Perlu diketahui, kata Muksin, tugas DPRD hanya mengeplot anggaran, sedangkan eksekusinya adalah dinas terkait. “Tupoksi kita selanjutnya hanyalah mengawasi saja,” ujarnya, seraya menerangkan, tanpa tahu bagaimana cara dinas terkait membagi-baginya.

Seperti diamanatkan dalam Undang-Undang, 20 % APBN adalah untuk dunia pendidikan. Namun, kenyataannya tidak semuanya dipergunakan untuk pendidikan. Ada sebagian yang masuk ke Kementerian Agama (Kemenag). “Nyatanya, kalau sudah masuk ke Kemenag, tidak semuanya diperuntukkan peningkatan mutu pendidikan, tapi lebih sering untuk alat peraga, pembangunan / perbaikan fisik gedung, mengurus persoalan haji dsb,”terangnya.


Sementara itu, sebagaimana diketahui Bunda PAUD adalah predikat yang diberikan kepada istri kepala pemerintah dan kepala daerah (Presiden, Gubernur, Bupati/Walikota, Camat, Kepala Desa/Lurah) atau disandang langsung oleh kepala pemerintahan dan kepala daerah perempuan yang merupakan penggerak utama dalam pembinaan layanan pendidikan bagi anak usia dini.  

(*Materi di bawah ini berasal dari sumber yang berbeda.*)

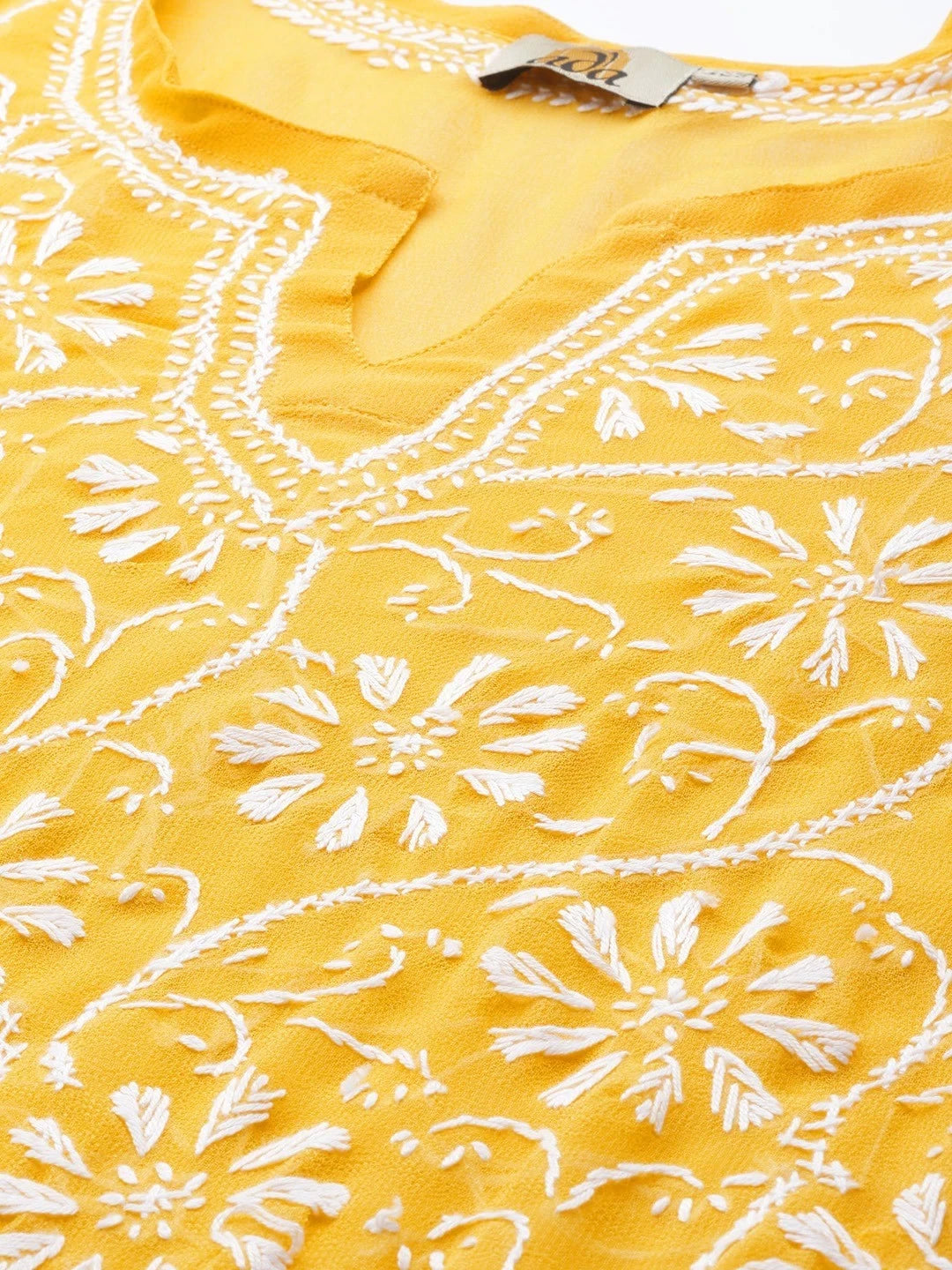 Ada Hand Embroidered Yellow Georgette Lucknow Chikankari Straight Kurta with Slip A90321
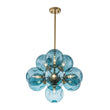 Load image into Gallery viewer, Farmhouze Light-Vintage Glam 10-Light Amber Glass Globe Bubble Chandelier-Chandelier-Blue Glass-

Peran Bunda PAUD adalah simbol sekaligus mitra utama dalam gerakan nasional PAUD berkualitas, diharapkan dapat memotivasi msyarakat dan para pemangku kepentingan untuk menyediakan layanan PAUD yang berkualitas. Tokoh ini di tingkat kabupaten/kota, diharapkan bisa memberikan sumbangan pemikiran, sosialisasi, dan pergerakan pelaksanaan PAUD. Ironisnya, sampai sekarang banyak masyarakat yang belum memahami konsepsi tentang Bunda PAUD ini.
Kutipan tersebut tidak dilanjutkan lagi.